What Is The #1 Factor In Evaluating A Medical Malpractice Case?

Throughout the course of a day, I receive phone calls from potential clients who often convey stories of human suffering. At the end of the first few minutes of the conversation, I often interrupt and ask, “How are you doing now?” The response that I get is often, “Great!”, and the potential client will explain how his botched knee replacement was fixed after three operations by the world’s greatest orthopedic surgeon. This usually ends our conversation and then I have to explain why.

Medical malpractice litigation is extremely expensive (when done right) with case expenses usually running at a minimum of $20,000 to a high of $175,000. Because of the high cost of malpractice litigation, I cannot accept cases involving temporary injuries, even when those injuries are substantial. The cost of litigation would exceed the value of the case and thus render the lawsuit ineffectual for the client.
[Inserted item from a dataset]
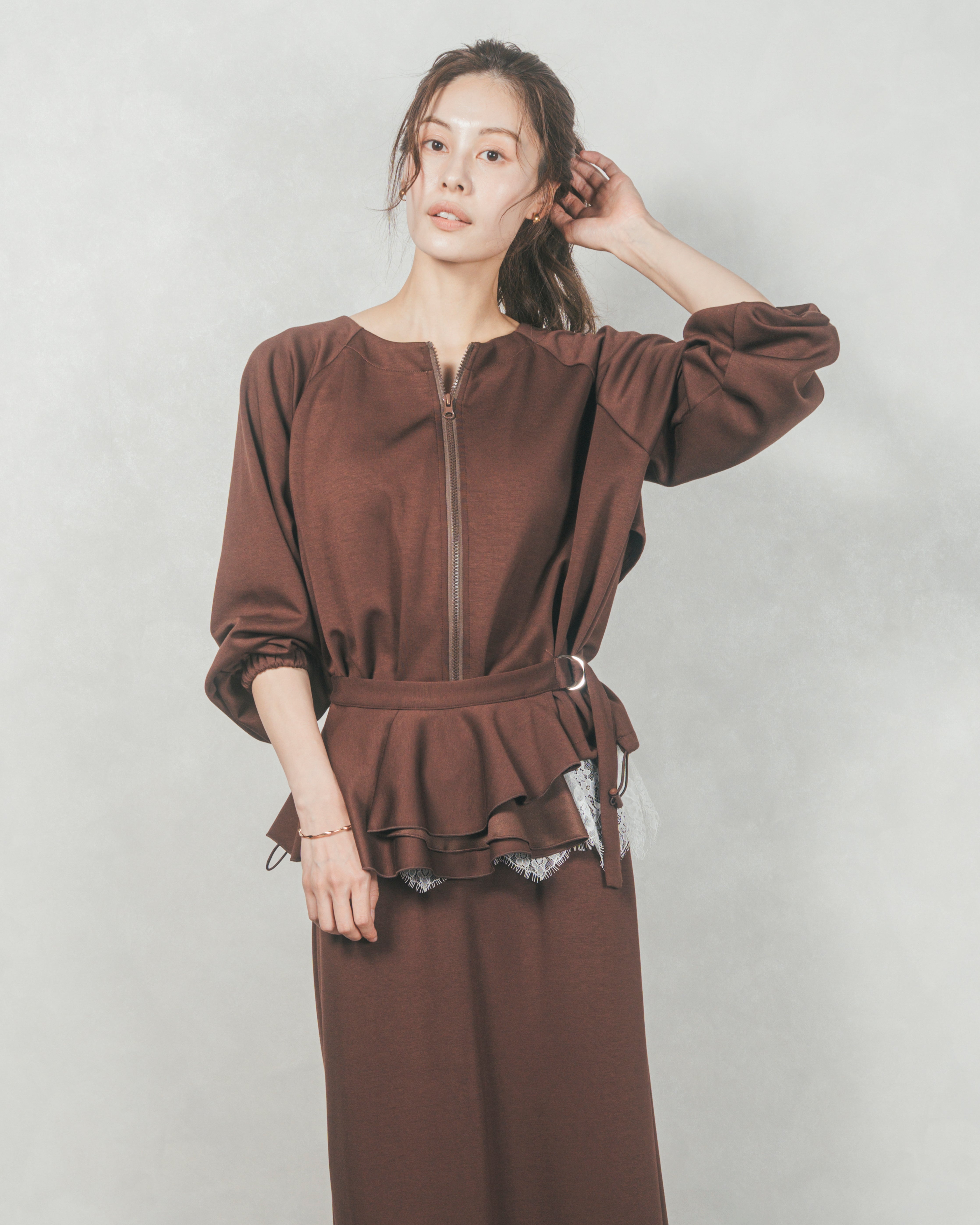 muveil work バックフリルブルゾン muveil work バックフリルブルゾン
Remember, the goal of the lawsuit is to put money in the client’s pocket.

When I explain to the potential client that I cannot accept cases involving temporary injuries, he/she will then respond, “So the doctor gets away with murder?” The answer is “no”, because litigation is not the only way to hold the negligent physician accountable for medical errors. I explain the procedure for filing a complaint with the New York State Department of Health and I e-mail my book, The Seven Deadly Mistakes of Malpractice Victims”, which explains the procedures of the Department of Health for investigating medical mistakes. I explain to the potential client that he/she should pursue a complaint with the Department of Health and if the complaint is validated by the DOH, the doctor’s medical license can be suspended, limited and in very rare cases, revoked.

Many potential clients are unhappy with my advice, but you know what, I don’t care. My job is to be ruthless in selecting cases that have significant, disabling injuries that will last a life-time. Most clients appreciate my candor and move on by calling the next lawyer on their list. That’s fine with me.